Journal of Hebrew Scriptures - Volume 3 (2000-2001) - Review
Cohn, R. L., 2 Kings (Berit Olam; Collegeville, Minnesota: The Liturgical Press, 2000). Pp. xvi+186. ISBN 0-8146-5054-6. $ 34.95.
Despite its redundancy, the Second Book of Kings is
an intriguing text. Following the format of the Berit Olam Series, Robert
Cohn is presenting a final form reading of these 25 chapters. This implies that
he takes the narrative as it stands not entering into text-critical discussions
or into an analysis of the historical world around the text. Cohn presents a
coherent close reading of the text. The book aims at a general readership
including the informed layman and the trained biblical scholar. This readership
is informed about the literary qualities of 2 Kings: its narrative strategies
and its compositional qualities.
Cohn divides 2 Kings into four parts. 2 Kgs 1.1 –
8.6 form the story of Elisha; 8.7 – 13.25 are depicted as Revolutions in Aram,
Israel and Judah. Chapters 14 – 17 concentrate on Israel. They are strikingly
headed by Cohn as: ‘turmoil and tragedy’. After Ch. 17 only Judah remains:
‘renewal and catastrophe for Judah’ (18 – 15). Everyone who has read 2
Kings will understand that these divisions are not to be compared with concrete
watersheds. The four blocks are, as Cohn correctly observed, tied together by
several overlapping themes. As the story on Elisha refers back to the narratives
on Elijah in 1 Kings, they also prepare the way for the revolutions in Aram,
Israel and Judah. These relationship are for instances observed in an excursus
(pp. 91-95, where Cohn remarks that the Elisha-narratives probably were not at
home originally in the Omride-stories).
Cohn
discusses every textual unit by making remarks on features in relation to the
composition of that textual unit. Here he applies the literary model that
divides textual units into pieces that are arranged in orders that can be
depicted by the model of the traditional egg timer and its variants. 2 Kings 2,
for instance, is construed by him as follows:
A
Elijah and Elisha leave Gilgal
B
Elijah and Elisha at Beth-el
C
Elijah and Elisha at Jericho
D
Elijah and Elisha leave the sons of the prophets
and
cross the Jordan river
X
The ascent of Elijah
D’
Elijah crosses the river
And confronts the sons of the prophets
C’
Elisha at Jericho
B’
Elisha at Beth-el
A’
Elisha returns to Samaria
He discusses the separate episodes, but seldom makes
exegetical remarks on the composition as a whole, or phrased otherwise: A more
semiotic approach that accounts for the narrative programme(s) expressed by the
text is absent.
Another compositional feature that is not accounted
for by Cohn is indicated on p. 9 of his commentary. In discussing the final
lines of 2 Kgs. 1, Cohn correctly observes that an interruption between the
report of Ahaziah’s succession and the note about the date of this succession in the
chronology of the kings of Judah is marked by a long
open space within the line in the Massoretic tradition (see 2 Kgs. 1.17). He then states that the function of this open space
in not entirely clear. It seems Cohn has overlooked the pioneering work by
scholars like Oesch, de Moor and Korpel on the function of setuma and petucha
as unit delimiters within ancient manuscripts.

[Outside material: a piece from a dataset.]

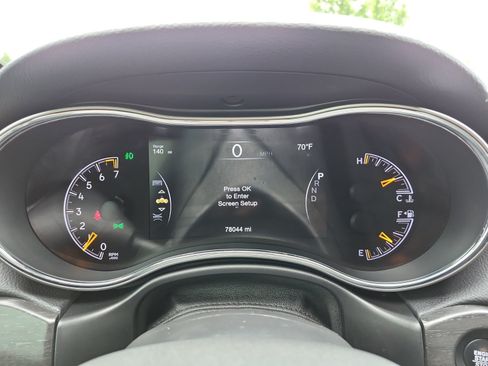 Used 2018 Jeep Grand Cherokee Altitude AWD/4WD image 18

Within the limits of the approach, Cohn is offering
an interesting commentary. He sticks to his conviction that 2 Kings is not a
textbook on history. But, since I am raised in a comparative way of thinking, I
cannot forbear making the remark. 2 Kings is a text in history and has been read
at a specific point in history by its first readership. When discussing the last
four verses of 2 Kings, Cohn states that the day of Jehoiachin’s release
coincides with the day of the accession of a new king, Evil-Merodach, to the
throne in Babylon, and that his release should be compared with the release of
the cup-bearer in the Joseph story (Gen. 41.14). The day mentioned in 2 Kgs.
25.27 is not the day of Evil-Merodach’s accession to the throne – which was
a few months earlier. Jehoiachin’s release from prison is dated only two days
before the first New Year festival in the reign of the new king. The original
readership of 2 Kings most probably was aware of the custom – attested already
in the Ancient Near East – that such a festival was an occasion for new rulers
to grant amnesty to prisoners of all sort. This custom is presumably also in the
background of Gen. 41.
When reading his commentary, I was wondering why
Cohn made no remarks on the macrostructure of 2 Kings. My suggestion
that the book narrates the past ‘from a king fallen from grace’ to ‘a
people fallen from grace’ might be helpful when pondering the question why
Kings was divided into two books exactly at the transition to the reign of
Ahaziah.
Despite these remarks, I would nevertheless
recommend this commentary. It introduces its readers into the literary richness
of a text that too often has been reduced to merely a historical source.